- _Task_: Starting with the line that contains "CARAVANE 4 personnes", copy every line through the end of the listing, exactly and only those. No pictures should appear in the copy.

- _Dataset extract_:
————
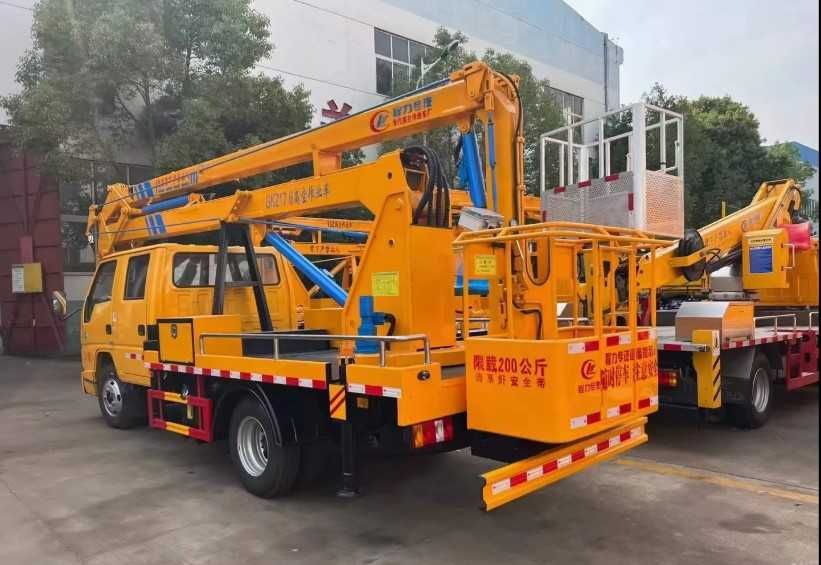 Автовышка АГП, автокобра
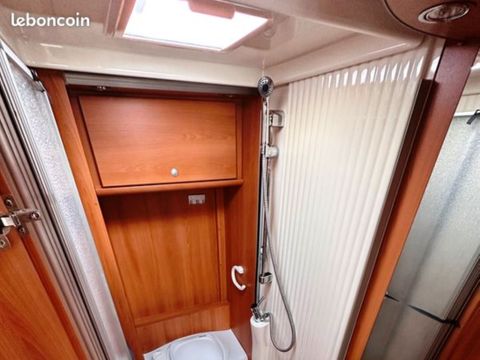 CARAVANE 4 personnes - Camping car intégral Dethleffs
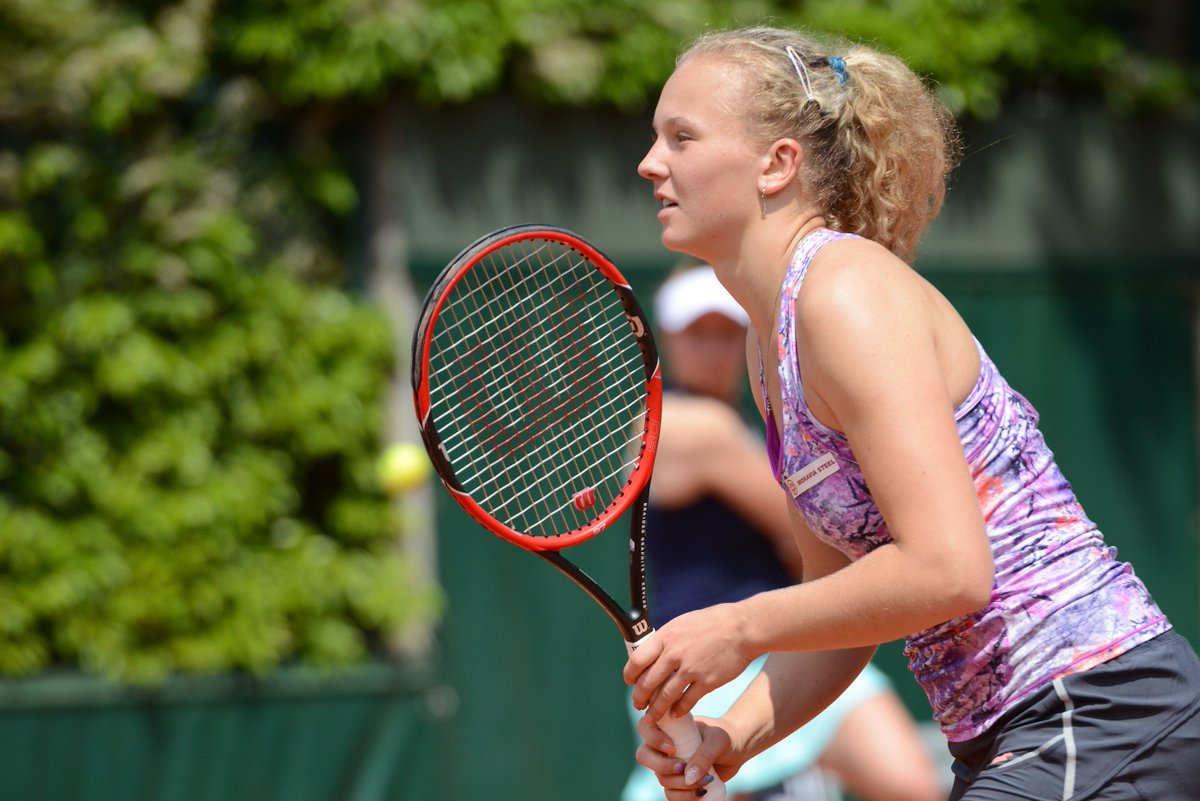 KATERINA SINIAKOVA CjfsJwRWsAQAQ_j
————
- _Reply to the task_:
 CARAVANE 4 personnes - Camping car intégral Dethleffs
 KATERINA SINIAKOVA CjfsJwRWsAQAQ_j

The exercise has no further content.